Allgemeine Geschäftsbedingungen
(AGB)
§ 1 Geltungsbereich und Anbieter
(1) Die nachstehenden Allgemeinen Geschäftsbedingungen (AGB) gelten für alle Verträge zwischen Tobias Westrich, Westrich Webdesign (nachfolgend „Anbieter“) und dem Kunden (nachfolgend „Kunde“), die über die Plattform BlocApps (www.bloc-apps.com und zugehörige Subdomains/Apps) geschlossen werden.
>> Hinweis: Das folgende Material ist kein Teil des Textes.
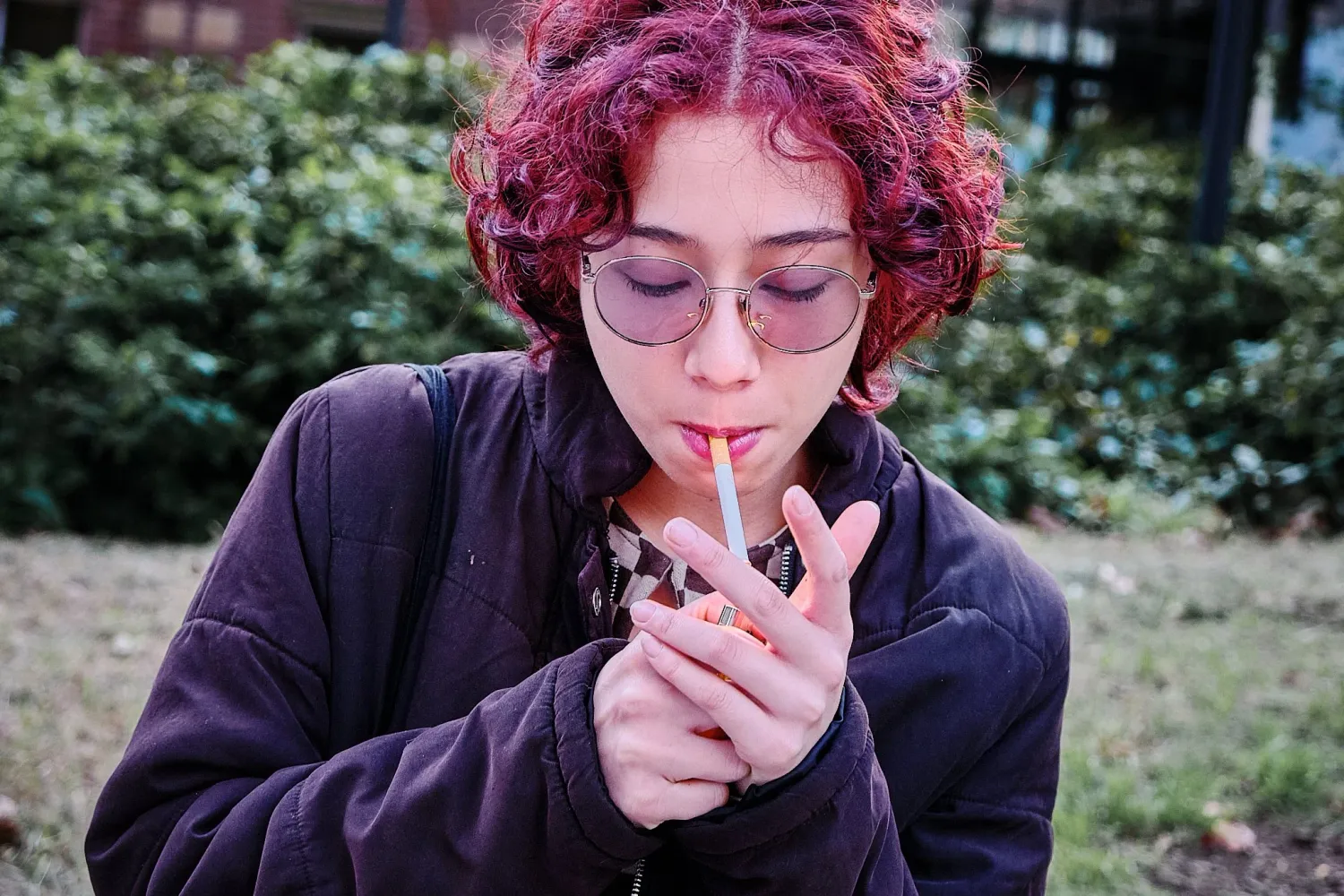 Young woman with red curly hair lighting a cigarette outdoors in a park.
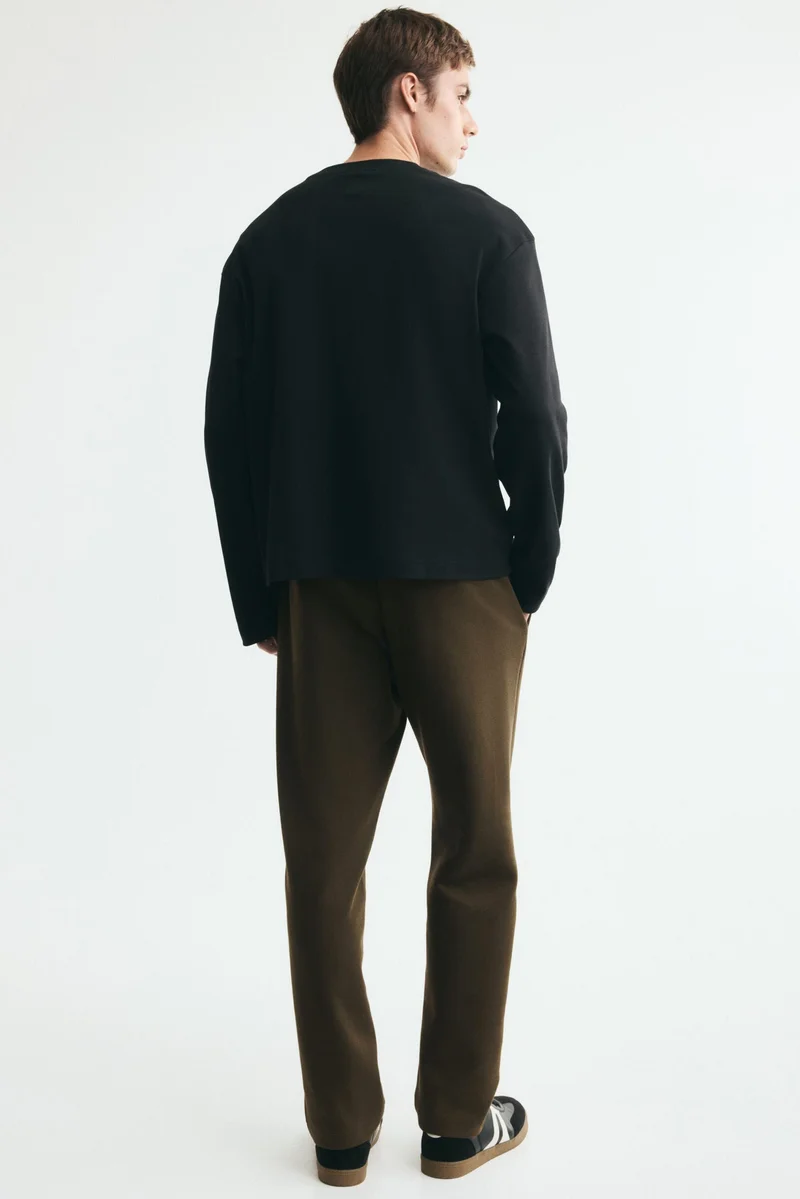 H&M  Regular Fit Interlock crease-front joggers for Men | Best Price UAE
(2) Das Angebot richtet sich vorrangig an Unternehmer (§ 14 BGB), juristische Personen des öffentlichen Rechts oder öffentlich-rechtliche Sondervermögen. Verbraucher im Sinne des § 13 BGB können das Angebot nur nutzen, soweit dies ausdrücklich zugelassen ist.
(3) Entgegenstehende oder von diesen AGB abweichende Bedingungen des Kunden werden nicht anerkannt, es sei denn, der Anbieter stimmt ihrer Geltung ausdrücklich schriftlich zu.
§ 2 Leistungsgegenstand (SaaS)
(1) Der Anbieter stellt dem Kunden eine Software-as-a-Service (SaaS) Lösung zur Verfügung, deren Funktionsumfang je nach gewähltem Paket (z.B. Micro, Starter, Growth, Pro, Agency) variiert.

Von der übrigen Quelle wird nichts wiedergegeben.